We need to sit down with Biden-Harris appointees and document what they know and learned. From substance to process to spending to feedback loops, many of their experiments and new approaches could be models for the future. A few examples:
- The weedy work to get labor standards into regulations, sub-regulatory guidance, and program design for the BIL, the IRA, and the CHIPS and Science Act, which meant that spending on bridges and clean energy would create good jobs for people.
- Groundbreaking reforms by the Office of Information and Regulatory Affairs to broaden public engagement in the federal regulatory process.
- Innovative programs such as the EPA Community Change Grants Program and the Energy Department’s RAMP Initiative, which helped communities access federal resources and realize the promise of good jobs with investments in clean energy, and the DOL Women’s Bureau FARE Grants, which awarded funds to community organizations that help women workers learn about and exercise their rights at work.
What was attempted (and much of it achieved) in the last Administration was unprecedented and could have lasting effects.
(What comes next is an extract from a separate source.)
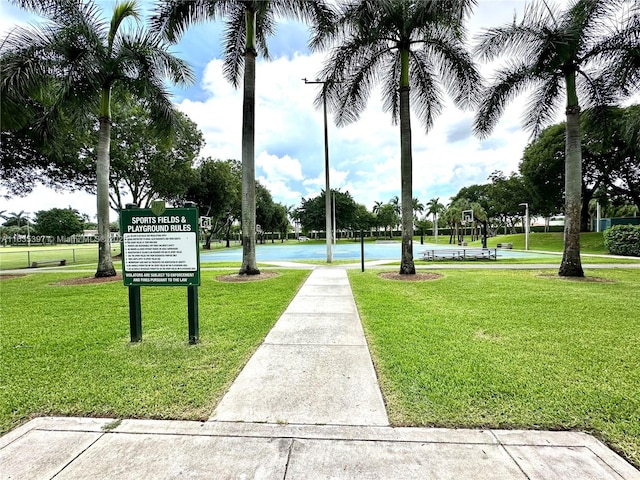 surrounding community featuring a lawn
We need to capture what worked and what didn’t, reflect on the barriers people faced, and commit to what we need to do differently next time.
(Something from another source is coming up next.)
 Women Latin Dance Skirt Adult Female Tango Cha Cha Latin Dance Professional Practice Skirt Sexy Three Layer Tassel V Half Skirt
We can learn from state-level policymaking, too. States are “laboratories” for policy design, development, and testing. To name just two examples, the federal models for paid family and medical leave and paid sick days come from victories in cities and states, and the Biden Administration’s Justice40 Initiative was modeled on an earlier provision in New York’s 2019 climate justice bill. But states can provide more than just a template for the substance of federal legislation and executive action. We can also look to them for new ideas for the process of policymaking. State policymakers often get to experiment and work more nimbly, and having fewer resources, they tend to rely more heavily on partnerships with advocacy and membership organizations.
A people-centered policy approach can ensure that we actually address people’s problems, that more people are engaged throughout the policymaking process, and that we build the political muscle needed to remake our economy into one that works for everyone.
To get there, think tanks, organizers, advocacy groups, policymakers, funders, and academics need to sit down together, dig into case studies, explore new approaches to the policy process and policy design, and create a community of practice around how we do this. No single organization or proposal can achieve this alone. We need creative, radical collaboration and to tap into everyone’s strengths. Candidates or a new administration will be clamoring for proposals before we know it—so we must create space to reflect, learn lessons, and craft practical models now. Let’s get to it!
Acknowledgements
I want to thank Elizabeth Wilkins and all the Workshop Fellows who helped to “workshop” these ideas. And huge gratitude to the “46” appointees and career staff across government who worked their tails off and broke new ground over the last four years. We are all in your debt.